下
短編(?)です。
1:左平(仮名) 2005/01/01(土) 02:36 [左平(仮名) ] AAS
文と威
一、
(むっ…。ふぅ。だめか。体が動かぬ。おれもこれまでってことかな…)
男は、心の中でそう呟いた。
倒れてからまだそんなには経ってはいないので、これといった衰弱の色は見えない。
この人は死病に冒されている。この場面でそう言われたとしても、納得できる人はいないであろう。なにしろ、男は人並み外れた膂力の持ち主として知られており、その筋骨には目を見張るものがあるのだから。
しかし、得体の知れない病魔は、確実に男の体を蝕んでいた。男の体のあちこちに、健康な時では有り得ない痛みやだるさがある。そしてそれは、弱まるどころか、時が経つに連れてより一層激しさを増すのである。
男は、かすかに首を傾け、目を開けてみた。男の体は、いま牀(寝台)に横たわっている。その周囲には、数人の男女が心配げに佇んでいるのが見えた。家族と、側近の者達である。
皆、若い。年少の者は十代、年長の者でも、知命(五十歳)に達しているかどうかといったところである。なにしろ、彼らの主であるこの男自身、まだ三十の半ばという若さなのだ。

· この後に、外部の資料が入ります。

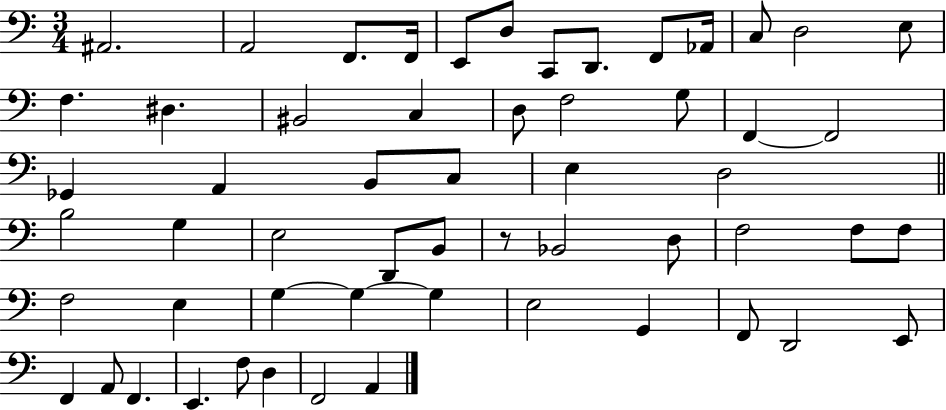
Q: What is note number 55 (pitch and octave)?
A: F2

「殿下はいかがなされたのであろうか。今まで病らしい病に罹られたことなどなかったのに。わしにはさっぱり分からぬ」
「わしにも分からぬ。昨日参内なさった時には倒れる気配などみじんも感じなかったのだが」
「そうじゃ。倒れられたのは、参内を終えて公邸に戻られてから…。よもや…」
何か触れるのが憚られる話になったのか、急に声が小さくなった。
「まさか!その様な事が…」
「いや、有り得んとは言い切れぬかと…」
「確かに…殿下は立場的にケン【西+土+β】城王、いや、今は雍丘王であったか…に近いお人ですからな…」
「しかし…殿下は陛下の弟君ではないか…それをどうして…」
「それを言えば、雍丘王とて同じではないか。殿下も雍丘王も、陛下とは同母兄弟なのですぞ」
「う、うむ…それはそうなのだが…」
(何かと思えば。またその様な話か…)
男にとっては、体の痛みよりも、そのような話の方が不快であった。しかし、彼らの話はとめどもなく続いている。